Tal es el caso de Alemania que, ante el incremento del precio del gas derivado de las tensiones ruso-ucranianas, no tuvo más remedio que aumentar el consumo de leña; o China que, para garantizar la oferta de energía eléctrica, recurrió al consumo de carbón.
Si los países poderosos se ven obligados a usar energéticos cuyo precio es más competitivo, ¿qué podría esperarse de Colombia, cuyo PIB per cápita es el 18,7 % del de Alemania y un poco más de la mitad del de China? ¿Y qué decir de las comunidades asentadas en lugares olvidados?
De acuerdo con cifras de la Asociación Colombiana de Gas Natural, 5,4 millones de personas, equivalentes al 10,6 % de la población, cocinan con leña, carbón o desechos. En zonas rurales cercanas y remotas el porcentaje asciende al 23,2 % y 27,8 %, respectivamente.
Esta situación afecta en especial a mujeres y niños, que por lo general son responsables de la preparación de los alimentos en el hogar. Se estima que el 56 % de las muertes asociadas con el uso de leña en el país corresponde a mujeres (UPME, 2025).
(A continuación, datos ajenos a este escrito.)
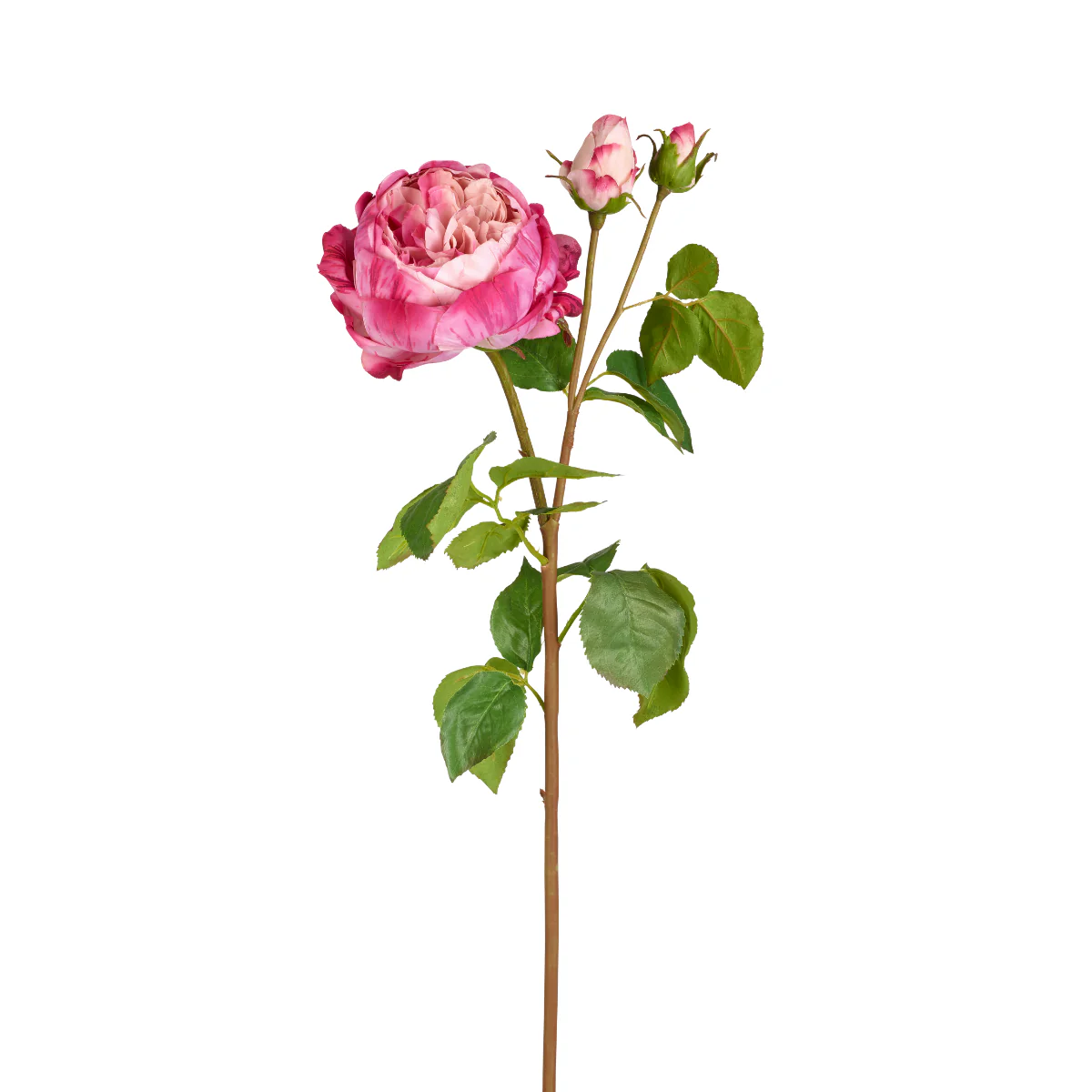 Image du produit 11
Hay evidencia suficiente para concluir que la opción más viable para reemplazar las estufas de leña en los hogares rurales es el gas natural. Este garantiza una combustión mucho más limpia, emite menos material particulado, reduce las emisiones de gases de efecto invernadero y, ante todo, es barato.
La leña es gratis cuando se obtiene de bosques aledaños. Sin embargo, su extracción les toma a las familias entre dos y seis horas diarias que podrían dedicarse a actividades productivas. Cuando se compra, el bulto cuesta entre 10.000 y 20.000 pesos, lo que le permite a un grupo de tres personas cocinar durante una semana.
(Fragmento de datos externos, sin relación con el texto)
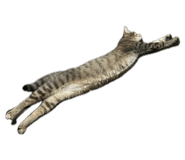 787893932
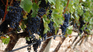 secrets of pinot noir, an elegant wine that attracts with its versatility secrets of pinot noir, an elegant wine that attracts with its versatility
Como la factura de gas natural oscila entre 25.000 y 40.000 pesos mensuales para los estratos 1 al 3, precios muy similares y en algunos casos más favorables que los de la leña, esta fuente de energía se constituye como una alternativa al alcance de los más pobres.
Por eso no se entiende la decisión del gobierno de Gustavo Petro de dejar de firmar nuevos contratos de exploración. Esto, sumado al agotamiento paulatino de las reservas y al aumento sostenido de la demanda de gas natural, tiene al país importando el 17 % del gas que se consume, dando como resultado su encarecimiento.
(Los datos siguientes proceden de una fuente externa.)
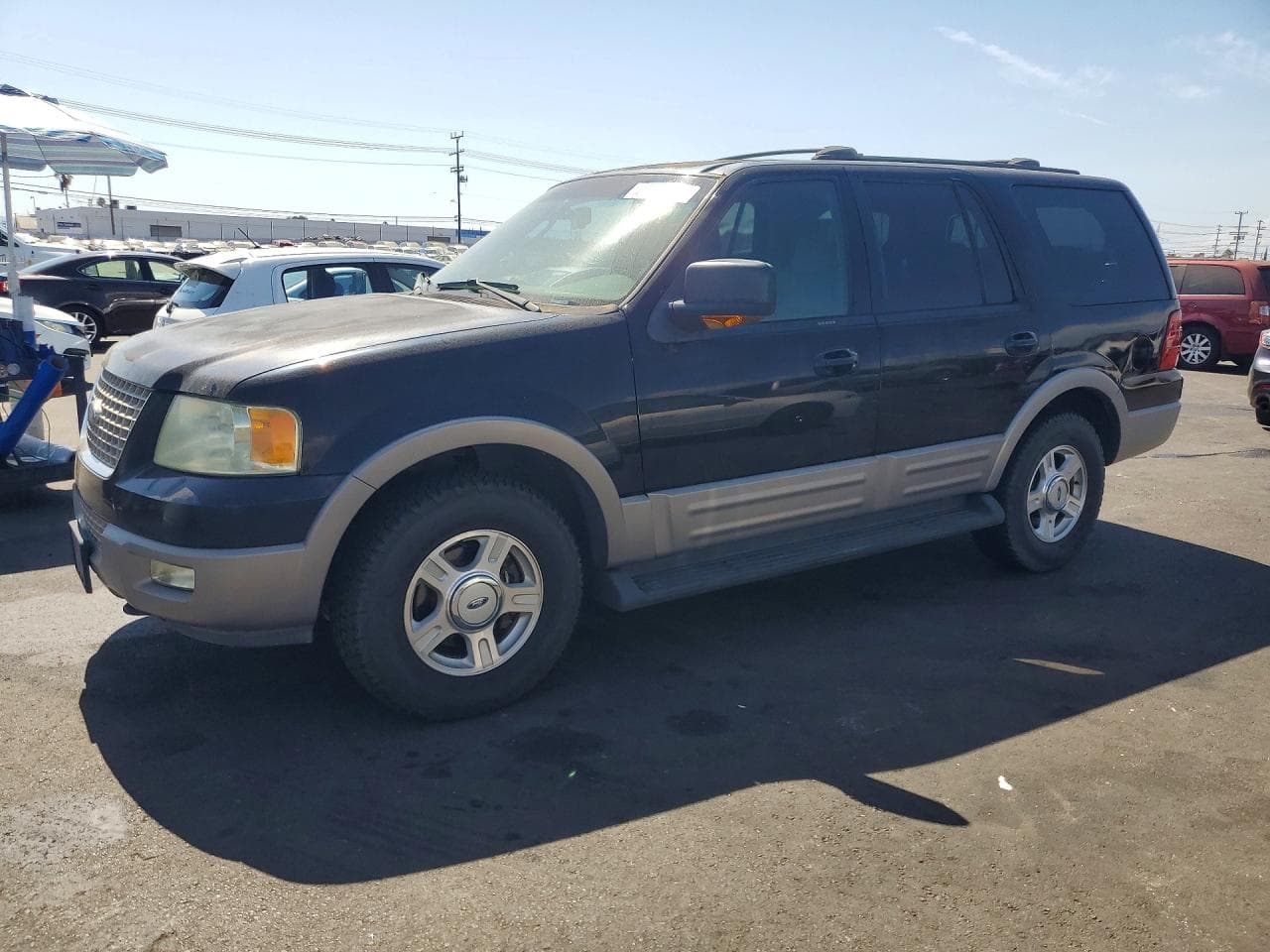 2003 Ford Expedition — lot COPART #66650606, Daune Minore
El gas caro dificulta la reconversión de los sistemas de cocción en los hogares que usan combustibles sólidos. De allí que la política de transición energética de Gustavo Petro, lejos de ser disruptiva con el gran capital —al que, por cierto, le abre nuevos nichos de inversión (Suárez & Escobar, 2024)—, condene a millones de colombianos a vivir en el atraso.